Is Truth Something We Discover, or Something We Make?

The Fight Over Facts: Moore, Russell, and the Vanishing Propositions

Moore and Russell once believed a true proposition was just a fact by another name.

In 1898, two young philosophers at Cambridge University—G. E. Moore (1873–1958) and Bertrand Russell (1872–1970)—rejected an old idea. They had been taught that the physical world might just be a dream of the mind, a view called idealism. They wanted to put reality back on solid ground. Yet, strangely, their first big idea about truth made facts and truths collapse into one thing.

Moore and Russell started with a clear picture. They said that what you believe—the content of your thought—is a proposition. For example, the proposition that the cat is on the mat. They then asked: what makes that proposition true? Their answer, briefly, was the identity theory of truth: a true proposition is simply identical to a fact. The fact that the cat is on the mat just is the true proposition. There is no gap between the two.

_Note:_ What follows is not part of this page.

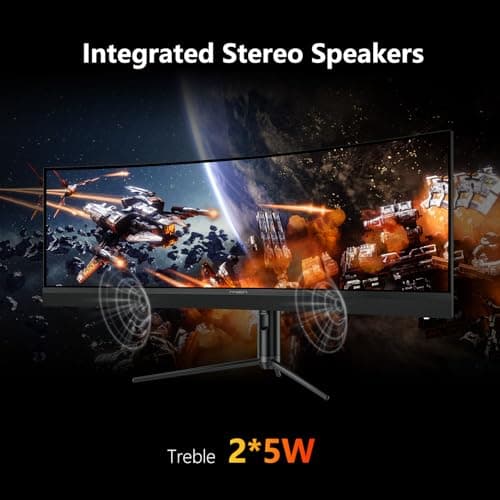 INNOCN 45C1R 45 Inch 5120 x 1440p Ultrawide Curved Gaming Monitor, R1500, HDR400, USB Type-C 90W Power Delivery, PIP/PBP, Built-in Speaker, Height Adjustable, Black 5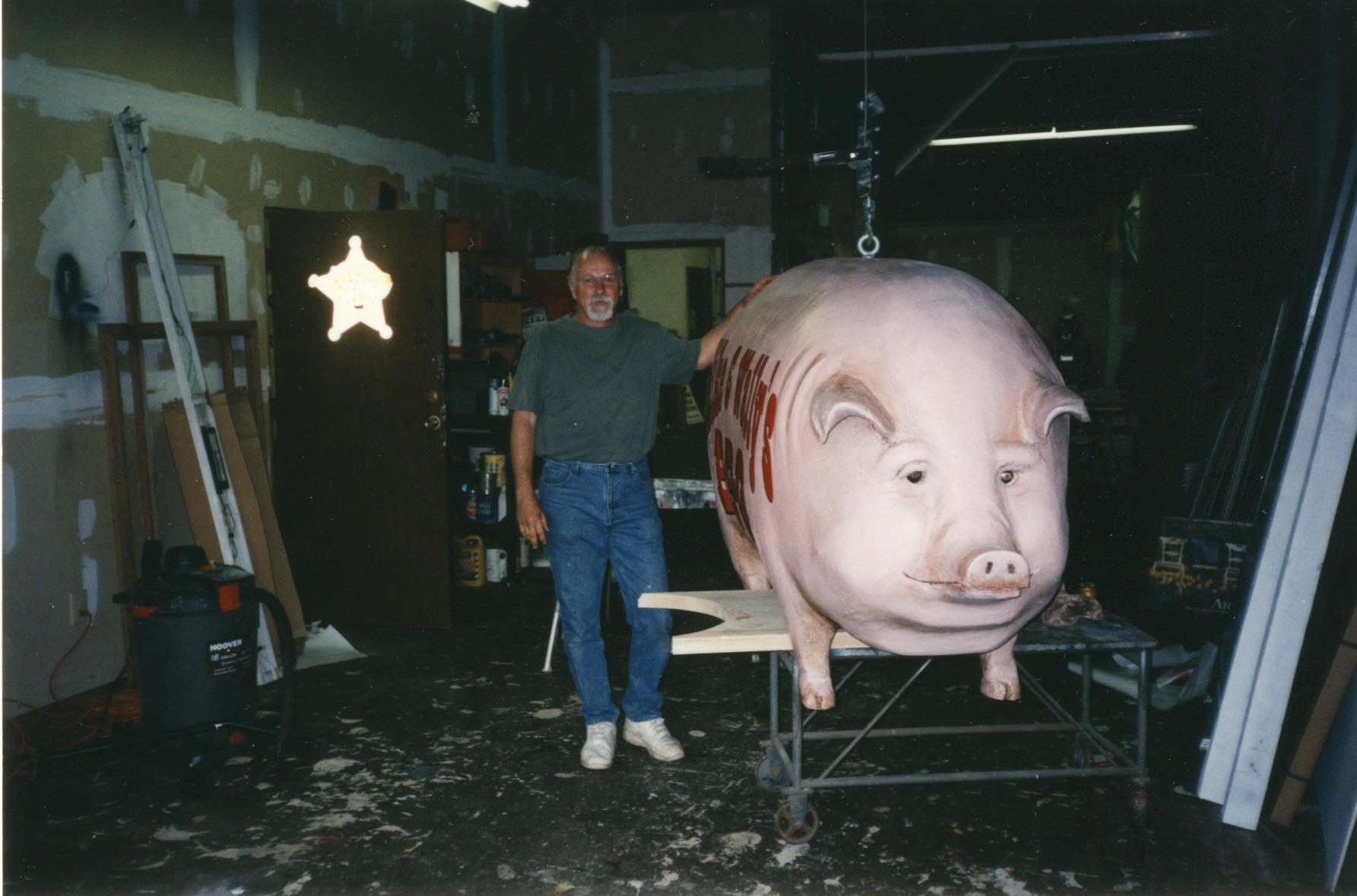 William (bc) (Bill) Collins Pictured with his Pig Statue in the Garage at 180 West South Street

This sounds neat, but it crashed into a problem. If true propositions are facts, what are false propositions? If I believe that the cat is on the rug when it isn’t, the proposition seems to describe something that doesn’t exist. Moore and Russell began to think that false propositions would have to be weird, shadowy copies of facts—and that would somehow make them true. So they declared that propositions themselves don’t really exist. No false propositions, no propositions at all.

With propositions gone, truth had to be about something else. So Moore and Russell turned to a new picture: the correspondence theory of truth. A belief is true if it corresponds to a fact. If I believe the cat is on the mat, and there really is a fact—a particular cat bearing the property of being on a mat—then my belief matches reality, and it’s true. If no such fact exists, the belief is false. This idea, that truth is a match between mind and world, became one of the most important in all philosophy.

Truth as a Coherent Web: The Idealists’ Answer

Coherence theorists say truth is about how well your beliefs hang together, like a strong web.

Not everyone was convinced. While Moore and Russell chased facts, another group of philosophers—the British idealists—built a different theory. They argued that truth is not a match with some separate world. Truth, they said, is coherence.

The most famous defender was Harold Joachim (1868–1938). In his coherence theory of truth, a belief is true if it fits into a single, consistent, and mutually supporting system of beliefs. Think of a giant spiderweb: each thread represents a belief, and the web holds together only because every strand connects to the others. A loose, dangling thread (a belief that doesn’t fit) isn’t part of the true web at all.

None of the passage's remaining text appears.